But I got to tell you when I saw you were on B movie, I wanted to ask you.
Do you have a second for one more question?
Yeah, I got nowhere to go.
OK, great.
I wasn't sure. OK, so how many times have you seen B movie?
Well, I wrote on it, too.
So you wrote on B movie.
Yeah, I got this.
OK, so my wife prohibited me from showing TV to Forrest,
because apparently I'm supposed to show TV to young kids.
And so she I don't remember where she was, but I'm sitting on the couch.
I'm like, I'm going to just show him.
I got to show him a cartoon.
He reacts.
So because he hadn't seen I hadn't seen it.
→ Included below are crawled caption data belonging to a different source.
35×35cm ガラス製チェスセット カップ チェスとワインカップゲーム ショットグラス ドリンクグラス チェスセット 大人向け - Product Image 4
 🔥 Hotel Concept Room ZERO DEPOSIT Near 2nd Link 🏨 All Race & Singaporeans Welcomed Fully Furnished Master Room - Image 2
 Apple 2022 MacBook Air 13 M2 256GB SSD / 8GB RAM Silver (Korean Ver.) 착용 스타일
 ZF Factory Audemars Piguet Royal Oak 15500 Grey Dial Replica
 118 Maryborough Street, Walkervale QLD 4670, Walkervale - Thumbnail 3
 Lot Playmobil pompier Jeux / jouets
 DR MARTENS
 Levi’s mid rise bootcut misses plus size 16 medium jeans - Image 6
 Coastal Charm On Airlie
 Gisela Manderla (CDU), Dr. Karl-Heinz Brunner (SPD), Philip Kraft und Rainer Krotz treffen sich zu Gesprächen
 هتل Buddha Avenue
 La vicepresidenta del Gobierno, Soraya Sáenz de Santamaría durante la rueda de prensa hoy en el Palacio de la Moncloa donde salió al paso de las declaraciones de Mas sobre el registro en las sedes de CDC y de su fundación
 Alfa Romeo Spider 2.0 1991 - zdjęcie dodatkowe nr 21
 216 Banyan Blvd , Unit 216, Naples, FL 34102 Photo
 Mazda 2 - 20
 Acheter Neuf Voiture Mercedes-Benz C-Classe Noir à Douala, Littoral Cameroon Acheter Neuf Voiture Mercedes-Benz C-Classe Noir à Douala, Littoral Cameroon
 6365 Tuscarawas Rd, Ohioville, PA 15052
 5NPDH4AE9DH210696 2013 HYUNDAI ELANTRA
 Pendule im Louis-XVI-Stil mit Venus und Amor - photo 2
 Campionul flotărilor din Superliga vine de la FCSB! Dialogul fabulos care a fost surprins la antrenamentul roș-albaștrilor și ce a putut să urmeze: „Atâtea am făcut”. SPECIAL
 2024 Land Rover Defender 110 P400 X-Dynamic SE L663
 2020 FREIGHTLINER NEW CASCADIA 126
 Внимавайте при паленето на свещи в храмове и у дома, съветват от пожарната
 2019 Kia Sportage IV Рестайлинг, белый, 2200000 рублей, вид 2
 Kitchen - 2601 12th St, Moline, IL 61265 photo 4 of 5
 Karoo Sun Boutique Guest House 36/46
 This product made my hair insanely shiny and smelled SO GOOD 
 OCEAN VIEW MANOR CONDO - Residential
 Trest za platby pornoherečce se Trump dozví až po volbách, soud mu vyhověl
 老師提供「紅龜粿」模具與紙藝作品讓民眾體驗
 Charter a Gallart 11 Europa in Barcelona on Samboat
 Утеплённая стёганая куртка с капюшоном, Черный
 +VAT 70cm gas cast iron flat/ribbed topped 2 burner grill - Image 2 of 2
So I put a B movie on just because that was what popped up.
Oh, he was transfixed.
Of course.
And let me tell you, I have paid dearly for that, because now I have seen B movie.
Fifty times, 30.
I don't know. It's always on.
He'll you know, he'll just like be be be.
Or like, you want to see B movie?
Yeah, because they don't get tired of it.
They they but OK, so I got to ask you, you wrote on B movie.
That's crazy is B movie or critique of socialism?
Also, it's important to know it's a courtroom drama.
That's what I realized.
This is a courtroom drama that appears to be a critique of socialism.
What do you think? No, I would say no.
I just because it comes from the mind of Jerry Seinfeld.
Who I know for a fact does not care about socialism.
He doesn't care about capitalism.
He doesn't care about social movements.
He doesn't care about things being meaningful or driven.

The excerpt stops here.